The preparation of other cuprates is more difficult than the YBCO preparation. They also have a different crystal structure: they are tetragonal where YBCO is orthorhombic. Problems in these superconductors arise because of the existence of three or more phases having a similar layered structure. Moreover, the crystal structure of other tested cuprate superconductors are very similar.[68] Like YBCO, the perovskite-type feature and the presence of simple copper oxide (CuO2) layers also exist in these superconductors. However, unlike YBCO, Cu–O chains are not present in these superconductors. The YBCO superconductor has an orthorhombic structure, whereas the other high-Tc superconductors have a tetragonal structure.

There are three main classes of superconducting cuprates: bismuth-based, thallium-based and mercury-based.

The second cuprate by practical importance is currently BSCCO, a compound of Bi–Sr–Ca–Cu–O. The content of bismuth and strontium creates some chemical issues. It has three superconducting phases forming a homologous series as Bi2Sr2Can−1CunO4+2n+x (n=1, 2 and 3). These three phases are Bi-2201, Bi-2212 and Bi-2223, having transition temperatures of 20 K (−253.2 °C), 85 K (−188.2 °C) and 110 K (−163 °C), respectively, where the numbering system represent number of atoms for Bi Sr, Ca and Cu respectively.[69] The two phases have a tetragonal structure which consists of two sheared crystallographic unit cells. The unit cell of these phases has double Bi–O planes which are stacked in a way that the Bi atom of one plane sits below the oxygen atom of the next consecutive plane. The Ca atom forms a layer within the interior of the CuO2 layers in both Bi-2212 and Bi-2223; there is no Ca layer in the Bi-2201 phase. The three phases differ with each other in the number of cuprate planes; Bi-2201, Bi-2212 and Bi-2223 phases have one, two and three CuO2 planes, respectively. The c axis lattice constants of these phases increases with the number of cuprate planes (see table below). The coordination of the Cu atom is different in the three phases. The Cu atom forms an octahedral coordination with respect to oxygen atoms in the 2201 phase, whereas in 2212, the Cu atom is surrounded by five oxygen atoms in a pyramidal arrangement. In the 2223 structure, Cu has two coordinations with respect to oxygen: one Cu atom is bonded with four oxygen atoms in square planar configuration and another Cu atom is coordinated with five oxygen atoms in a pyramidal arrangement.[70]

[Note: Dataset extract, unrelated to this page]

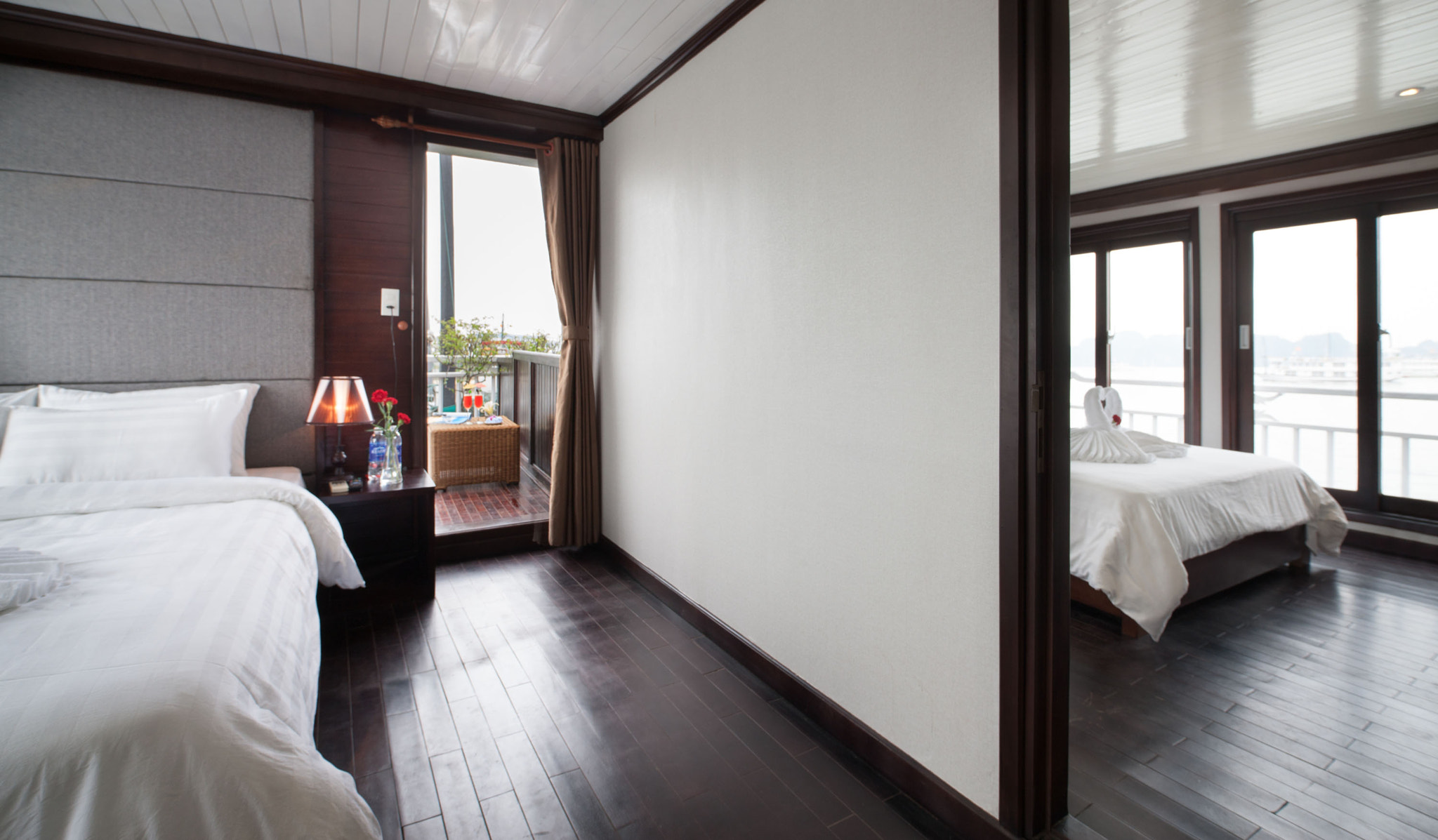 Canon EOS-1Ds Mark III sample photo. Aclass cruises in halong bay photography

Cuprate of Tl–Ba–Ca: The first series of the Tl-based superconductor containing one Tl–O layer has the general formula TlBa2Can−1CunO2n+3,[71] whereas the second series containing two Tl–O layers has a formula of Tl2Ba2Can−1CunO2n+4 with n =1, 2 and 3. In the structure of Tl2Ba2CuO6 (Tl-2201), there is one CuO2 layer with the stacking sequence (Tl–O) (Tl–O) (Ba–O) (Cu–O) (Ba–O) (Tl–O) (Tl–O). In Tl2Ba2CaCu2O8 (Tl-2212), there are two Cu–O layers with a Ca layer in between. Similar to the Tl2Ba2CuO6 structure, Tl–O layers are present outside the Ba–O layers. In Tl2Ba2Ca2Cu3O10 (Tl-2223), there are three CuO2 layers enclosing Ca layers between each of these. In Tl-based superconductors, Tc is found to increase with the increase in CuO2 layers. However, the value of Tc decreases after four CuO2 layers in TlBa2Can−1CunO2n+3, and in the Tl2Ba2Can−1CunO2n+4 compound, it decreases after three CuO2 layers.[72]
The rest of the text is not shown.